What is being asked: With the pictures excluded, output only the lines from the one containing "Protestna šetnja održana 5. oktobra<br />" through the last line of the entries, unchanged.
::::
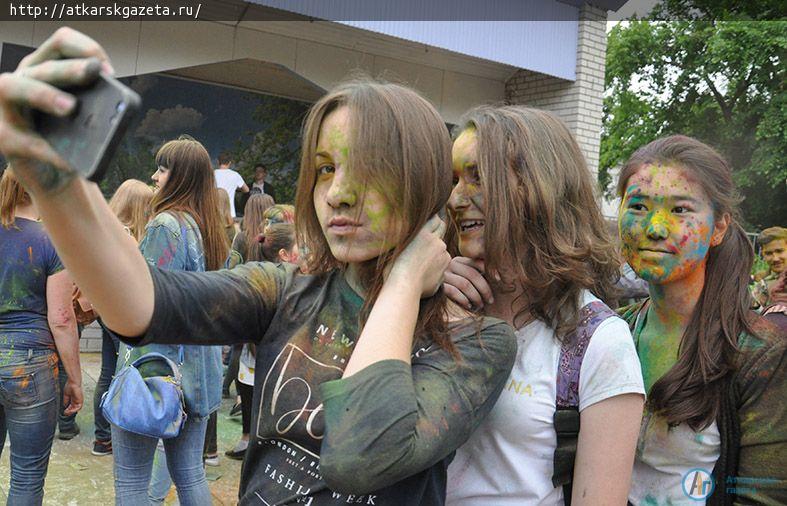 Более 200  аткарчан испачкал сегодня Фестиваль красок (ФОТОРЕПОРТАЖ)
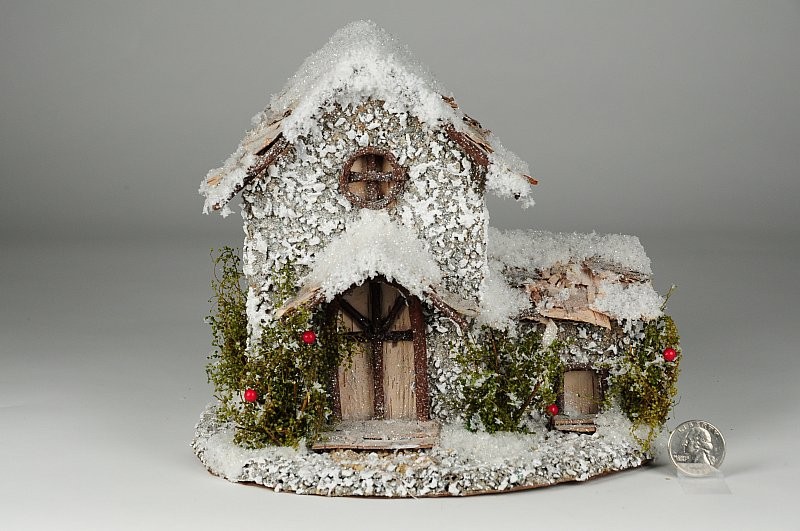 House Snow Nat. Bark w/Berry 8"x7.5"H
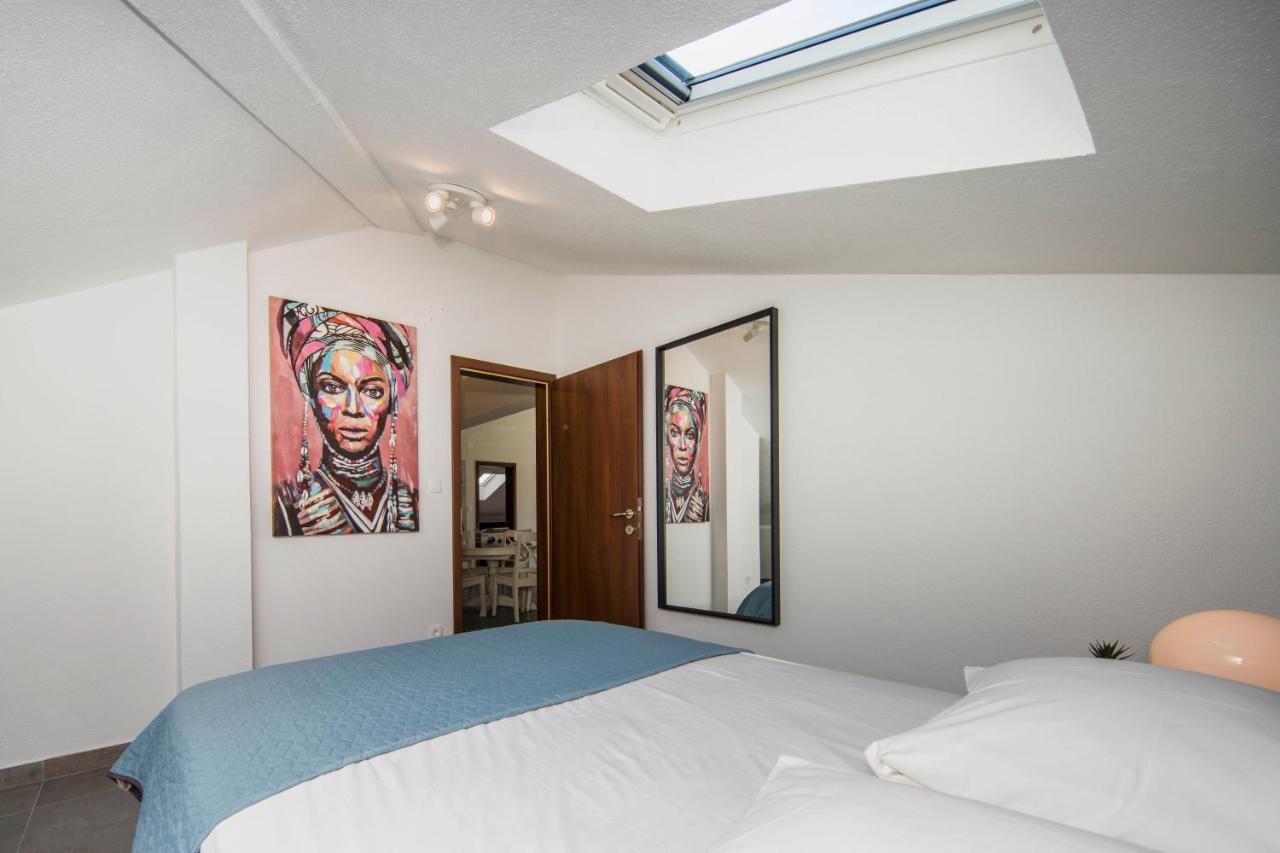 Olive Tree Apartment *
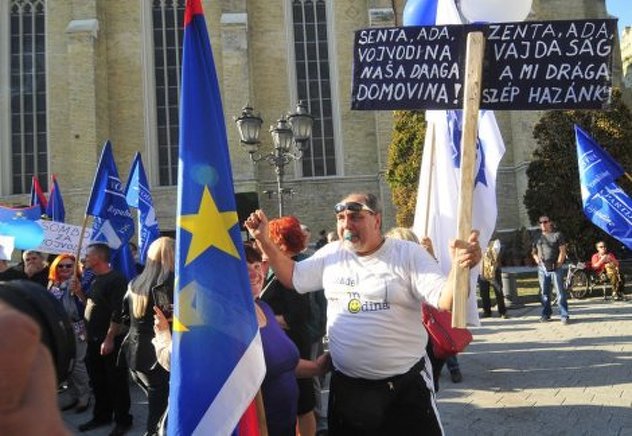 Protestna šetnja održana 5. oktobra<br />
u Novom Sadu (Foto: Blic)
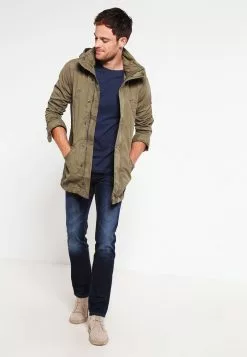 Pier One Geschäft -Pier One Geschäft 84e618d46ade423d9f766c642c33c36c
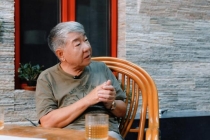 郑晓龙揭秘《冬去春来》故事缘起 青春群像书写奋斗篇章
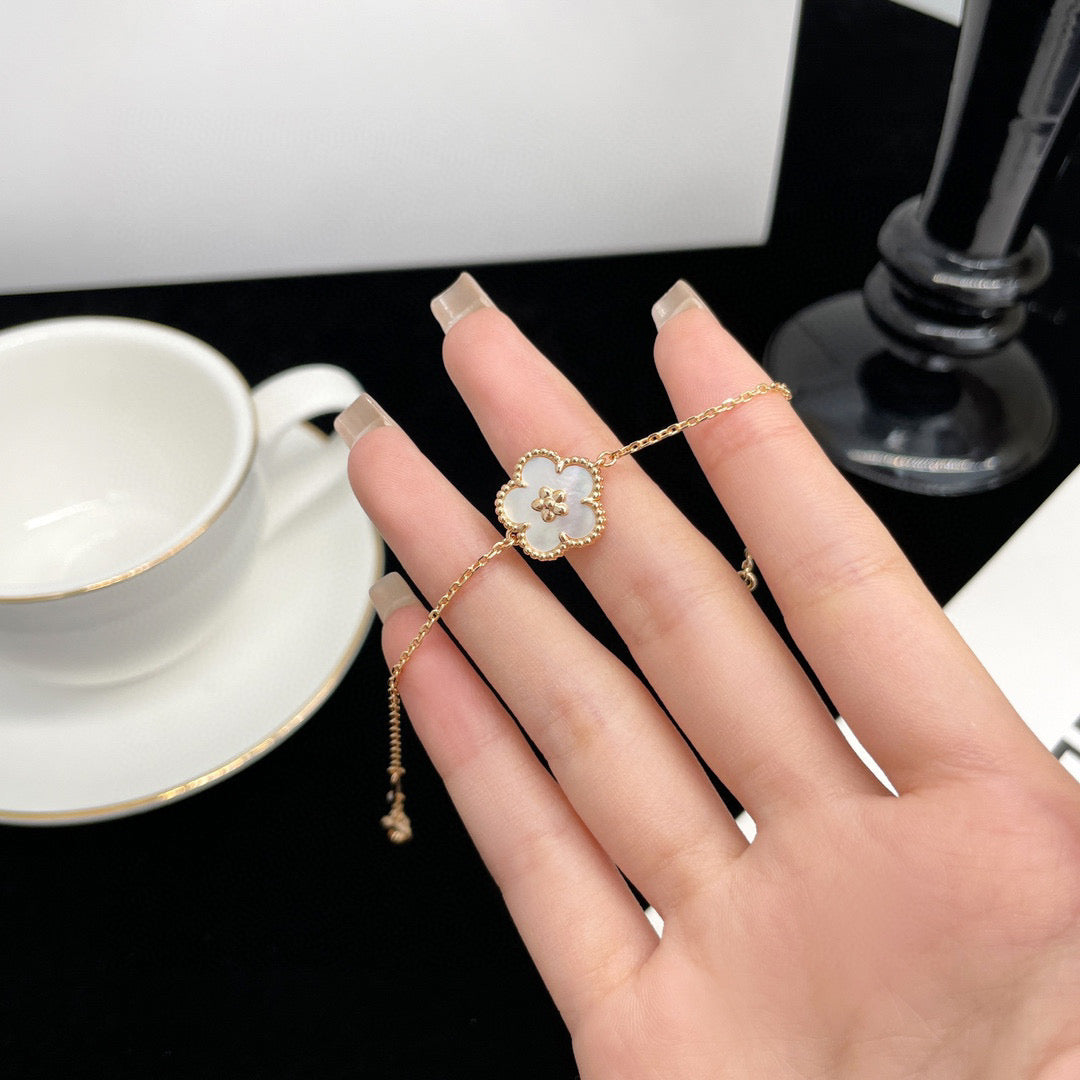 [Clover]LUCKY WHITE MOP PLUM BLOSSOM  BRACELET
::::
Problem solution:
 Protestna šetnja održana 5. oktobra<br />
u Novom Sadu (Foto: Blic)
 Pier One Geschäft -Pier One Geschäft 84e618d46ade423d9f766c642c33c36c
 郑晓龙揭秘《冬去春来》故事缘起 青春群像书写奋斗篇章
 [Clover]LUCKY WHITE MOP PLUM BLOSSOM  BRACELET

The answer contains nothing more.